Before the 1990s, China had a low incidence of breast cancer, but since then its incidence has increased more than twice as fast as the remaining global rates [43]. Breast cancer is now the most frequently diagnosed cancer in Chinese women and is the sixth leading cause of death. By 2008, the incidence of breast cancer in China and its magnitude became so staggering that China accounted for 12.2 % of global cases and 9.6 % of related deaths [43]. Annual breast cancer diagnoses in China are approximately half of those in the European Union and are similar to the number of cases in the USA and unless steps are taken to slow this trend, incidence of breast cancer in China is predicted to rise in women aged 55–69 years from <60 cases to >100 cases per 100,000 women by 2021, reaching 2.5 million cases by 2021. GLOBOCAN estimates that breast cancer is the most frequent cancer in Chinese women, with an age-standardized rate (ASR) of 21.6 cases per 100,000 women and it is the most common cancer among urban women and the fourth most common cancer in rural areas according to the Chinese National Central Cancer Registry.

Conclusions

Current predictions and statistics suggest that both worldwide incidence of breast cancer and related mortality are on the rise.
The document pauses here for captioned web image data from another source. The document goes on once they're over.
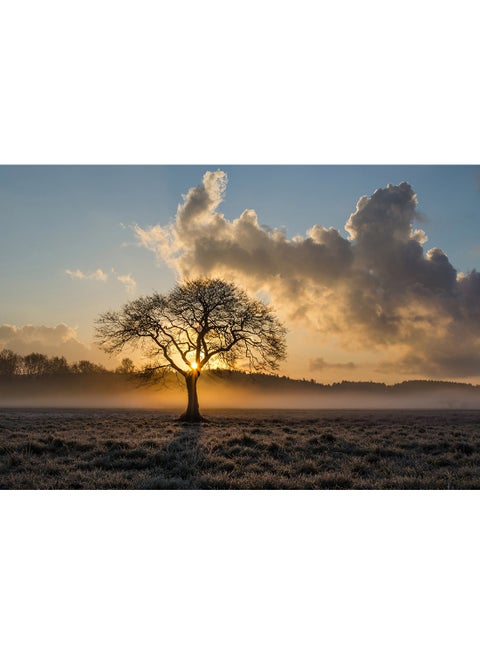 Lone Tree Oak Wall Art Canvas Print Multicolour 100x68x3.5cm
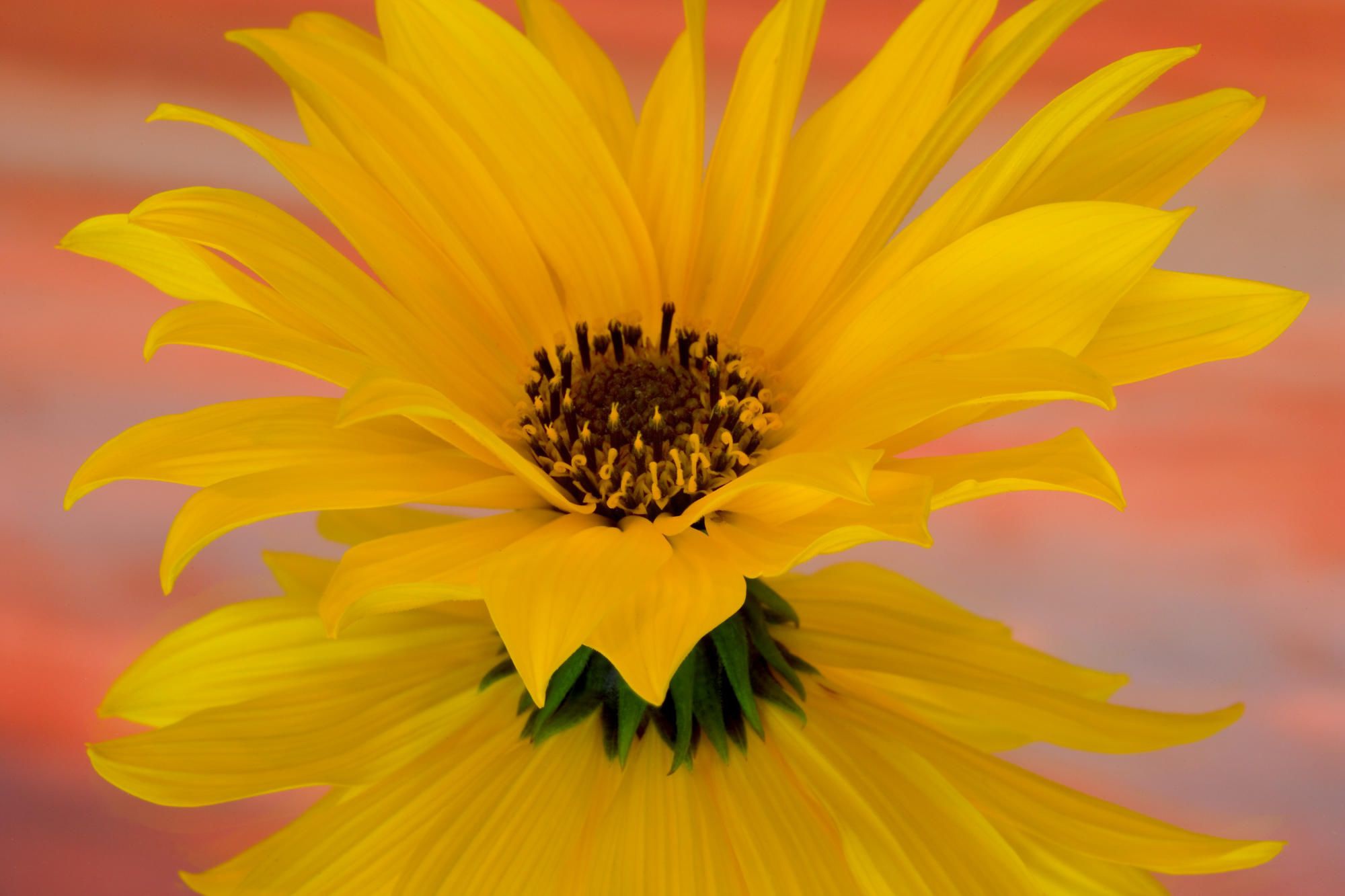 Baixe gratuitamente a imagem Flores, Flor, Terra/natureza, Reflecção na área de trabalho do seu PC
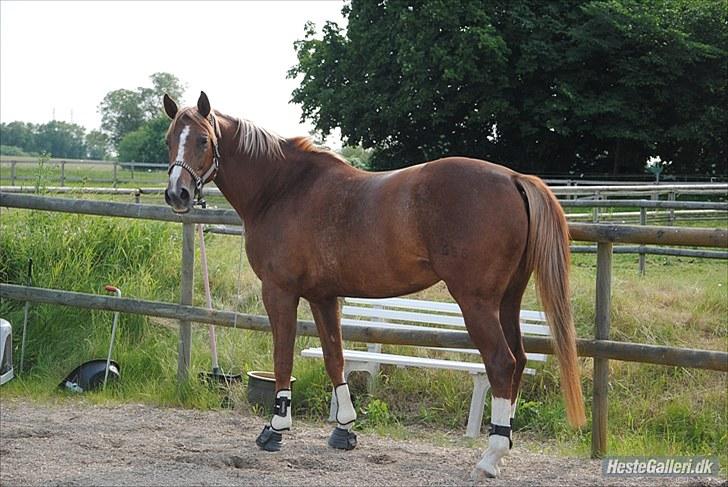 Dansk Varmblod fanta  billede 7
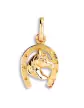Pendentif Tête et Fer à Cheval en Or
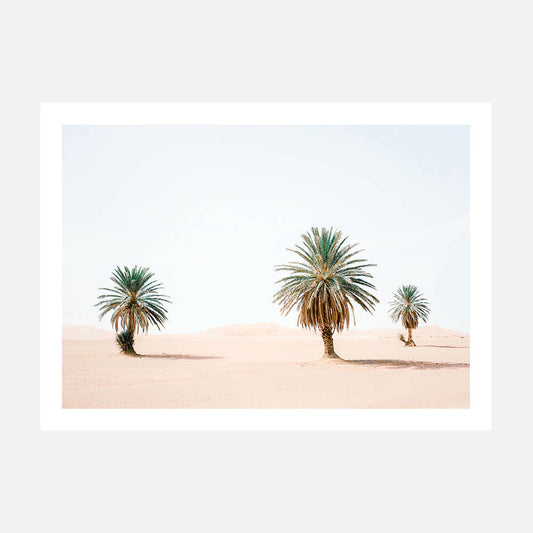 Sandy Palms
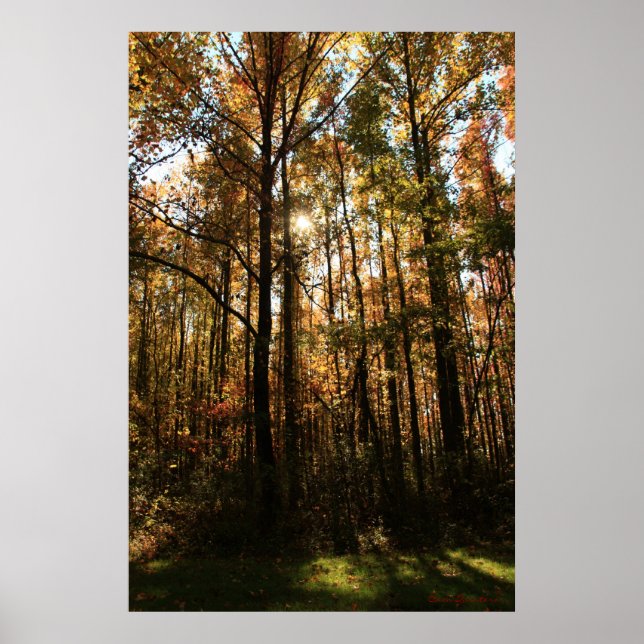 Affiche des arbres d'automne (Devant)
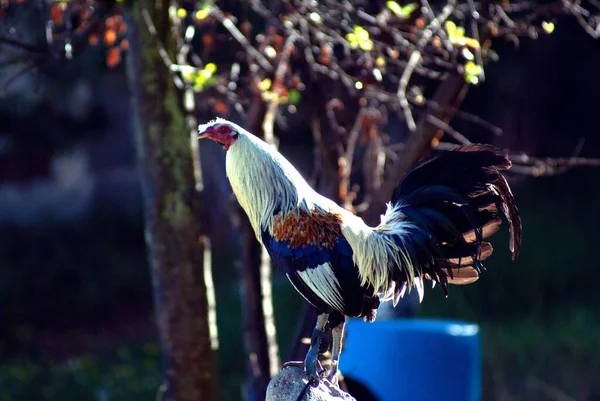 A yellow amber ivory fighting cock perching on a teepee in a game farm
While technological advances in medical sciences and health care have made it possible to detect the disease early and to start the treatment early on to prevent the progress of the disease into a metastatic state, there are several unanswered questions with regard to the molecular mechanisms that underlie the aggressiveness of certain forms of this disease. Besides, the epidemiological studies strongly indicate that addressing socio economical issues is utmost important, so that all women have equal access to medical care from screening to advanced treatment and only such decisive action can help reduce the worldwide burden of breast cancer that is single handedly responsible for the millions of “years of female life lost” according to World Health Organization.